Greg Yaitanes, the “Banshee” executive producer and Emmy winner for his direction on “House,” says Sweeney is more than welcome on his set as she moves into directing and leaves her job as president of Disney/ABC Television Group.
“Anne Sweeney has an open door to come shadow at ‘Banshee’ if she wants,” he told TheWrap on Thursday.
Yaitanes has directed many ABC shows – from “Lost” to “Grey’s Anatomy” – but hasn’t met Sweeney personally. We noted that some younger directors might wonder if Sweeney, who is 56, could transition into directing without her wealth of industry contacts.
“I often tell young people not to be concerned with what other people are doing,” said Yaitanes. “There’s a great quote from ‘The Sopranos.’ Tony Soprano says, ‘There’s plenty of garbage for everybody.'”
“You have to look at Anne Sweeney as someone who has fostered an enormous amount of talent, and enormous amount of success,” he added. “And anybody scratching their head wondering, would she get there without her connections, well, it’s quite the opposite: Would all those other people and all those other directors have succeeded without her guidance?”
Besides being a director, Yaitanes is an investor in Twitter and other companies who is known for applying business principles to running shows. (Click here to read about his “one olive” principle.) Yaitanes said Sweeney’s business acumen could make her an excellent director.
TheWrap: Do you think the skills of being an executive translate well to the skills of being a director?
Greg Yaitanes: Absolutely. I always feel like when I’m running a show I’m the accidental CEO. I came into the job as a director, but especially transitioning into producing, I find that I’m suddenly running a company. So somebody coming in with great management skills is a tremendous asset.
I’d love to see more directors and more producers learn more about management. Because as much as you’re driving the creative process, you’re also running a company with 200 people with the crew of any TV show. Understanding getting the best out of people, understanding what management actually is, is a phenomenal asset. If she can match that with the creativity that she has as an [executive], she’ll be a pretty powerful force in TV directing.
Does the transition make sense?
I applaud why she’s doing it. When you have a calling to the creative process and you’ve accomplished what you’ve accomplished, that’s phenomenal that she’s willing to reinvent herself. And that she wants to shadow and learn the process. She’s not coming into it thinking that she already has everything figured out. She’s very open to learning, and I think that’s also a tremendous asset. Knowing what you don’t know is such a rare skill in this business.
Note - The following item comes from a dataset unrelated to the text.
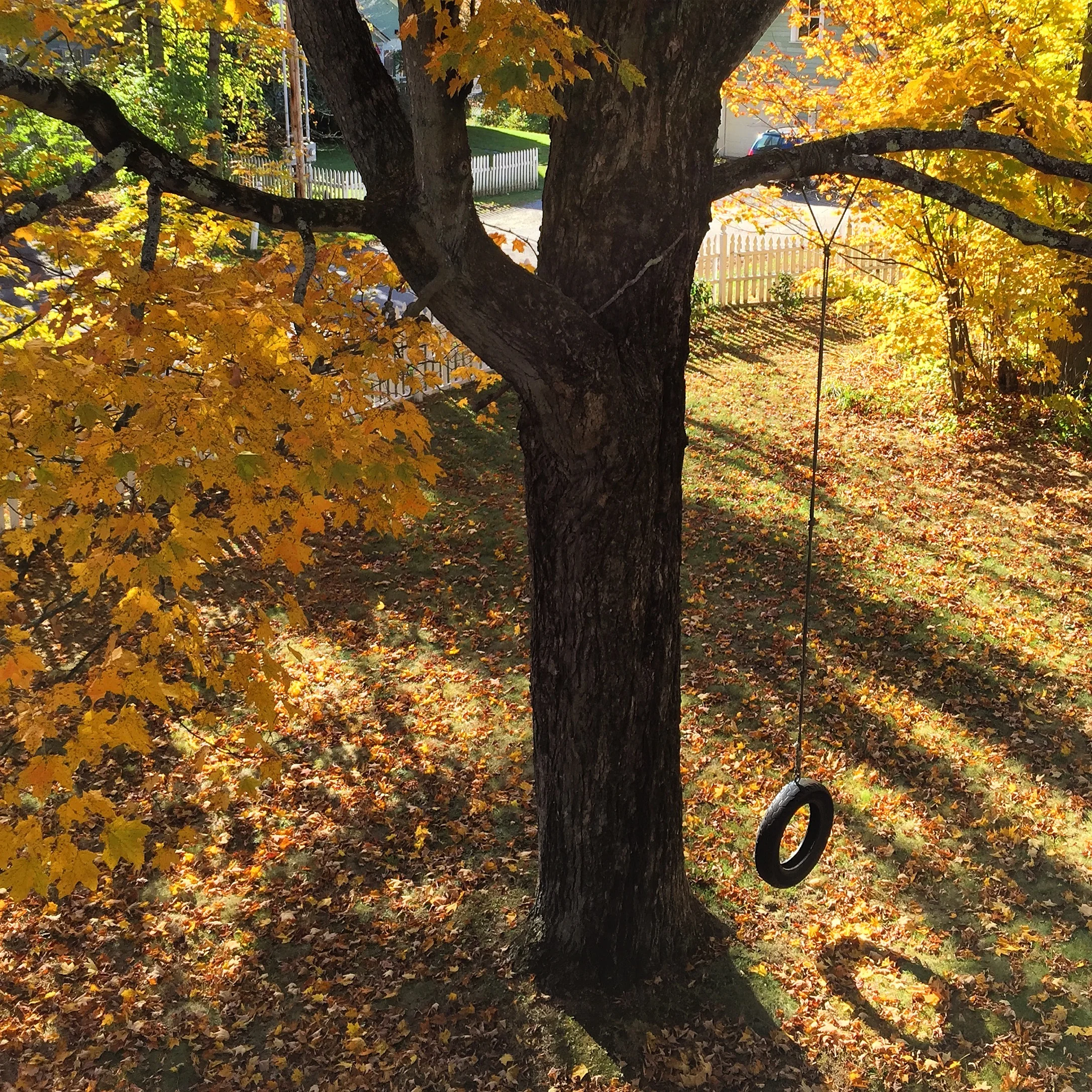 8-Tire Swing, Hyde Park Village VT, Instagram Square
And the fact that she’s willing to learn and has so many great people to mentor her also has a larger message about the importance of mentorship in our business. We have a responsibility as filmmakers and storytellers to pass that on to the next generation.
And I do feel that women are underrepresented as directors. And I love seeing that grow.
What’s the biggest challenge she’ll face?
The thing that I love about television and that I love about my business is every single day I learn something, and every single day my job is different. The challenge is the exciting part of the job.
The Season 2 finale of “Banshee” airs Friday on Cinemax.